Not From This World
Proper 29b • SJF • Tobias Stanislas Haller BSG
Jesus said, “If my kingdom were from this world, my followers would be fighting to keep me from being handed over... but as it is, my kingdom is not from here.”
Last week we reflected on the fact that no human being — Jesus Christ excepted — is quite like God. We are all, of course, like God in a few respects, having been made in God’s image. As the Catechism reminds us, right in the second question and answer, on page 845 of the Book of Common Prayer, this means that we, like God, are free: “free to make choices: to love, to create, to reason.”
Surely there is no doubt about God having these three attributes. “Reason” is God’s middle name, so to speak, for as theologians remind us, the Son of God is the Word of God — and that is the most meaningful and reasonable Word ever spoken: the Word through whom all things were made. In this we recognize God as the Creator of all that is and could possibly be. And as John the evangelist reminds us again and again, Love is at the very heart of who God is.
We human beings share in these capacities to love, create, and reason — but you can see at once that human likeness to God is limited in each one of these capacities. As I said in the sermon last week, “No man works like him.”
And as with God, so with God’s kingdom. The kingdom of God is similar in some respects to earthly kingdoms, but ultimately so different from all of them that even thinking in such terms could be less than profitable, if we get hold of the wrong end of the stick. Of course, that did not stop people from thinking about the kingdom of God in very earthly terms throughout most of human history. The form that Messiah takes in the Jewish tradition is precisely that of a king. Messiah in Hebrew, and Christ in Greek, both mean “anointed one” — and this refers to the fact that the way a person is made a king in the Jewish tradition — and in most others — is by being anointed. You may remember, for example, how God chose David out of all the sons of Jesse and sent Samuel the prophet to anoint him as king with holy oil, after Saul (whom Samuel had also anointed king at God’s instruction) turned out not to be a faithful ruler after God’s own heart, and willing to submit to God’s instruction and commandment.

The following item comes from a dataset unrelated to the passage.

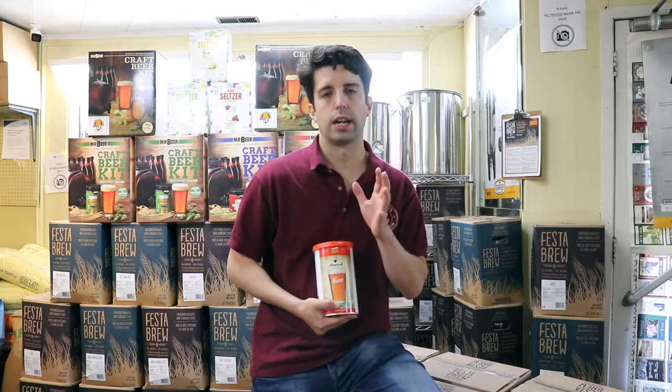This is done in about 3 to 4 weeks, and you're looking at around $2 to $2.50 per can.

Our reading this morning from the book of Daniel shows that this idea of God, and God’s kingdom, was still very much in vogue in the centuries before the coming of Christ, and even up through and into the time of his ministry. Daniel portrays what amounts to a coronation scene in which the one “like a human being” — or “like a son of man” as the older translation has it — comes before the Ancient One, the one Ancient in Days, to be invested with all authority over all the nations of the earth. And you will recall that the disciples asked Jesus if the time was coming when he would establish his kingdom in Jerusalem. The disciples saw the kingdom of God in very literal terms — an anointed King sitting on a physical throne in a particular earthly kingdom.
So strong is this image of God as a kind of super-king — a King of kings and Lord of Lords — that it persisted well into the life of the early church, as attested in that reading from the Revelation to John. That vision portrays God’s heavenly court as being much like an earthly court; the only difference being that Jesus is the ruler over all the kings of the earth.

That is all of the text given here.